|Size||170 square miles (440 square kilometers)|
|Population||101,000 (91% Black, 4.4% multiracial, 1.7% European, and 2.9% other)|
|Status||Independent country since 1981, part of the Commonwealth|
|GDP per capita (2014)||$25,998|
|Currency||Eastern Caribbean dollar pegged to US dollar|
|Electricity||US standard two-prong|
|Driving||on the left, local driving license or permit required|
A place rich in history, diverse nature and stunning views. If you are looking for the Caribbean “whole package” Antigua and Barbuda fit the definition. Independent since 1981, Antigua and Barbuda was first colonized by the English in mid seventeenth century. Much of their rule was marked by slavery started to run cotton plantations, and of which legacy can be found throughout the islands. Antigua was also a key military post for the British navy and it is here where Horatio Nelson was garrisoned for many years and has dockyard named after him.
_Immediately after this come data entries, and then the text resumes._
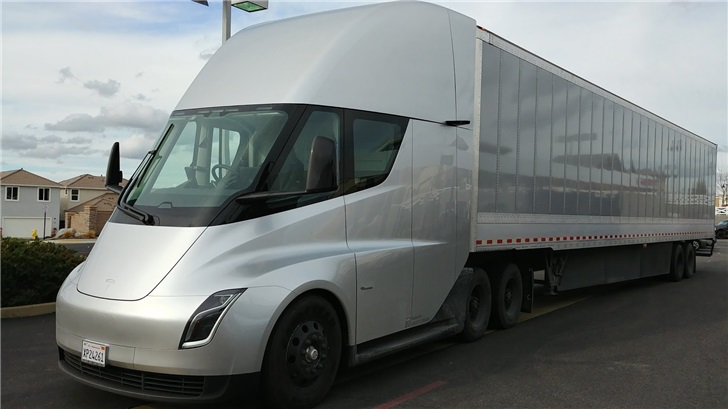 用电动车运电动车，特斯拉电动卡车Semi将于2020年下半年量产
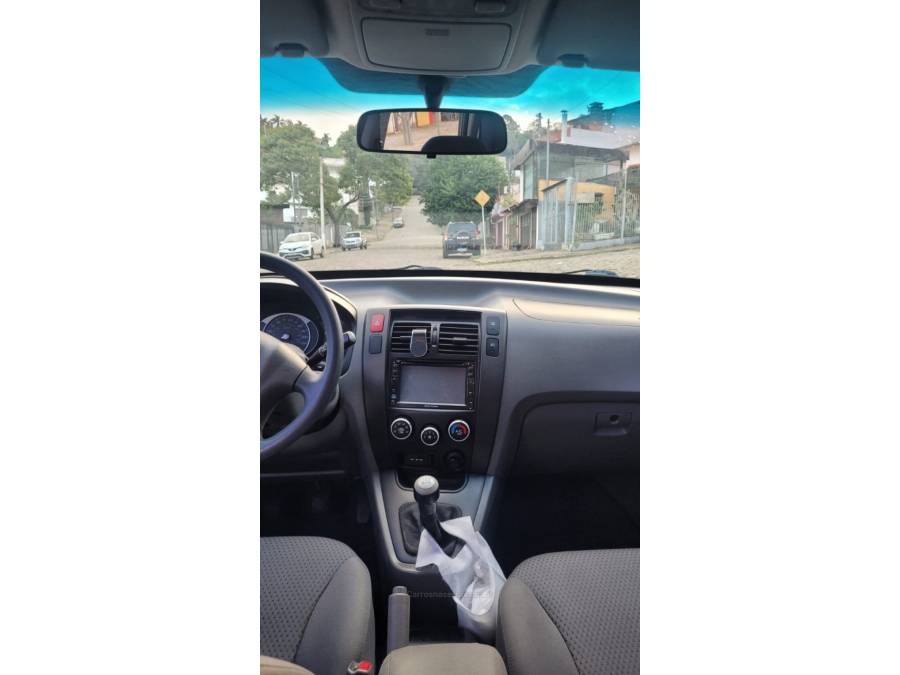 HYUNDAI - TUCSON - 2010/2011 - Bege - R$ 39.900,00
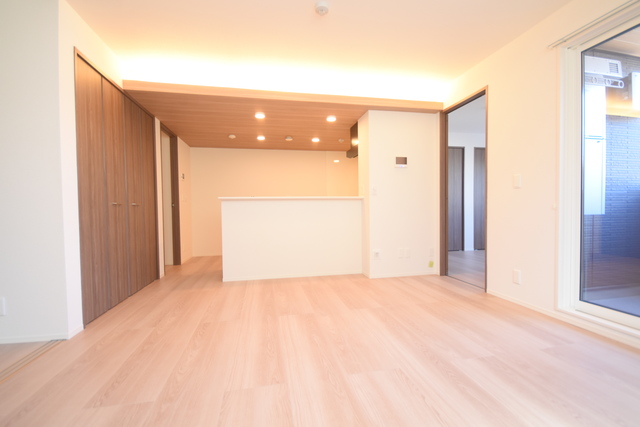 居室・リビング　リビング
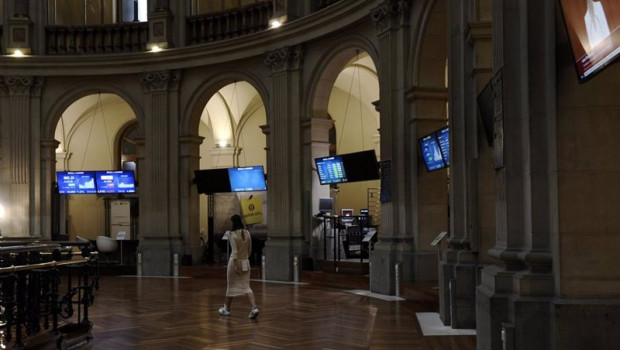 ep archivo   una mujer camina por el interior de la bolsa de madrid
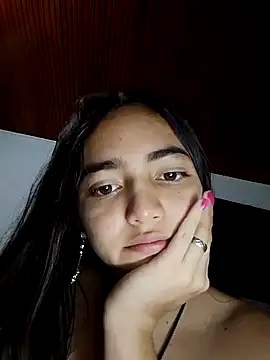 Julia valentina online show from July 19, 2026, 2:20 am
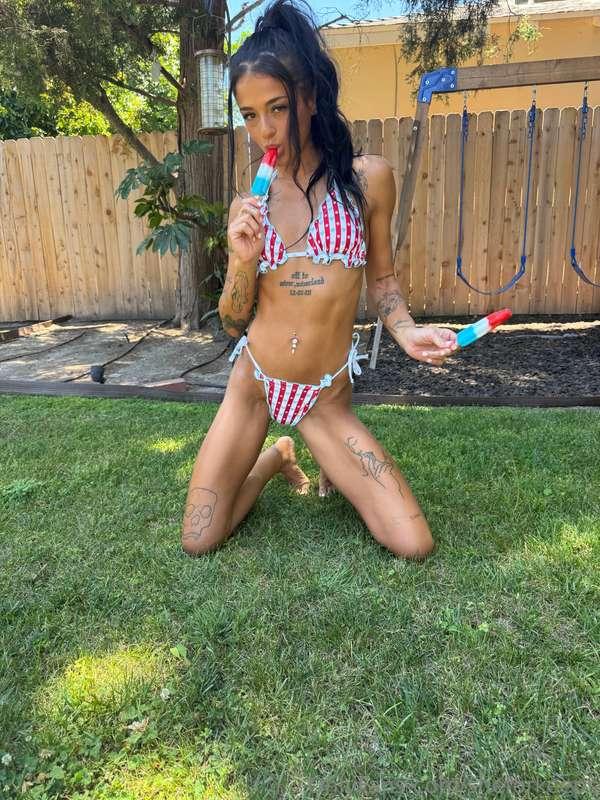 what do you think is sweeter: this popsicle or my pussy?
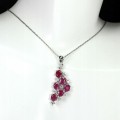 Elegante Halskette aus 925er Silber mit Rubinen und Zirkonias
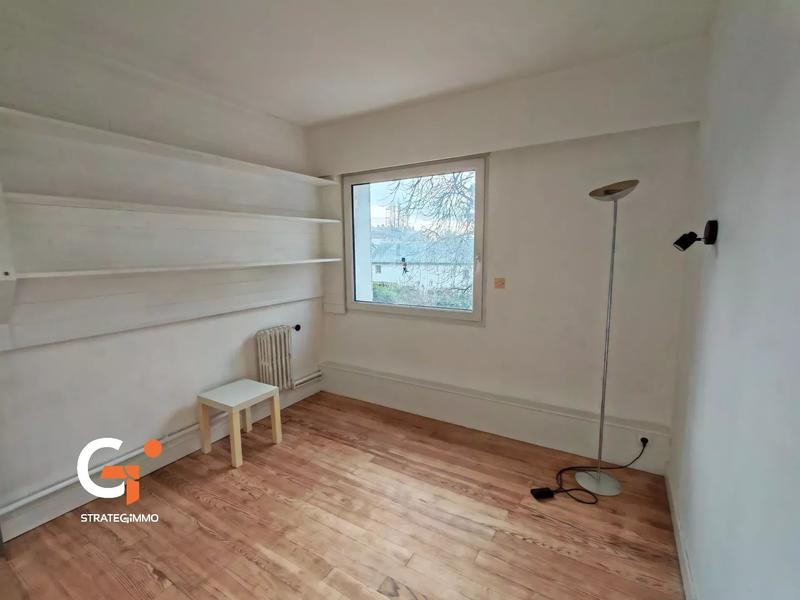 Maison - 180 m² - 7 pièces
Visitors to these beautiful islands have a huge amount of choices as far as where they stay, what and where they eat and what activities they pursue. Tourism is the key industry for this small nation and growth in the area is significant – you are likely to run into new hotel or villa construction while you are there. Hence, you will find plenty of options to spend your time as well as modern comforts here. In addition, Antigua is a second (or third!) home to many celebrities who own expansive mansions throughout the island so you have a good chance to be starstruck at some point while visiting.
Although Antigua and Barbuda are one country, since hurricane Irma hit in 2017 they unfortunately cannot be described together as a similar destination with the same features and amenities. Whereas hurricane Irma mostly spared Antigua, it devastated 90% of Barbuda and prompt evacuation of all of its population. Today, the island has recovered greatly and as much as half of it population has returned. However, several main hotels remain closed and services for visitors are still hindered.
If you like direct flights, you are in luck! You can get to Antigua’s V. C. Bird International Airport on a non-stop flight from several US destinations – New York (both JFK and Newark), Atlanta, Miami, Charlotte as well as from Toronto and UK’s London Heathrow. You can also get good connections though these cities from other locations in North America and Europe and your total travel time one way should not exceed 10 hours. However, note that the direct flights are usually once or twice per week in off-season and three to five times per week in season (December through April). Separately, it is important to mention St. John is and important port-of-call for major Caribbean cruise lines. Therefore, you also have an option of exploring Antigua for a day or two while on such a cruise.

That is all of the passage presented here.